The cost of the Financial Conduct Authority’s “voluntary resignation programme” has surged to over £7m compared to just £200,000 last year.
The watchdog’s figures, published in its annual report for the year to April, showed the jump, in the number of staff who took advantage of its “Mutually Agreed Resignation Scheme” (MARS) in the year to April, was almost 35 times that of 2020.
The watchdog is currently undergoing a rapid transformation programme under new boss Nikhil Rathi, as it seeks to become a more nimble and agile regulator.

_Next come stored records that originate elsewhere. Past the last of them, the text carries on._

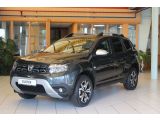 Dacia Duster II bei Gebrauchtwagen.expert - Abbildung (2 / 15) Dacia Duster II bei Gebrauchtwagen.expert - Abbildung (2 / 15)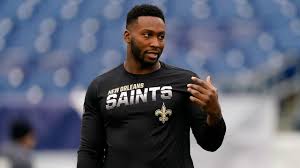 Spence on wn network delivers the latest videos and editable pages for news & events, including entertainment, music, sports, science and more, sign up and share your playlists. New Orleans Saints Re Sign De Noah Spence To One Year Contract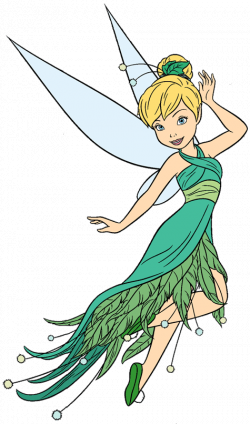 Winter Fairy Clipart at GetDrawings.com | Free for personal use ...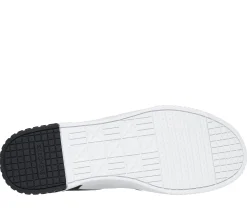 SKECHERS Jade - Kovos><noscript><img data-lazyloaded=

Insiders at the FCA have told City A.M. that the organisation wants to be both faster to spot bad behaviour and be more forward-thinking on regulation to allow innovative new financial firms to thrive in the capital.
In total the FCA spent £7.6m on 104 staff exit packages in the year to April 2021, compared to £0.6m for 21 departures in the previous year.
The figures include compulsory redundancies, long-term ill health settlements and “other departures agreed”, which the MARS settlement comes under, and which saw the highest number of settlements.
The MARS scheme, the FCA said in its report, is not a redundancy scheme – although the severance payment is equivalent to what the FCA would pay for a redunancy.
A source close to the matter said that the £7m related to MARS settlement payments is being paid out currently.
In the FCA’s annual report, the regulator said it had opted to run the scheme in the 2020/21 financial year to give “eligible colleagues the opportunity to apply to resign from the FCA with a severance payment”.
The regulator said, in its report, that severance packages had been calculated according to “base salary, age and length of service and capped at £100,000.”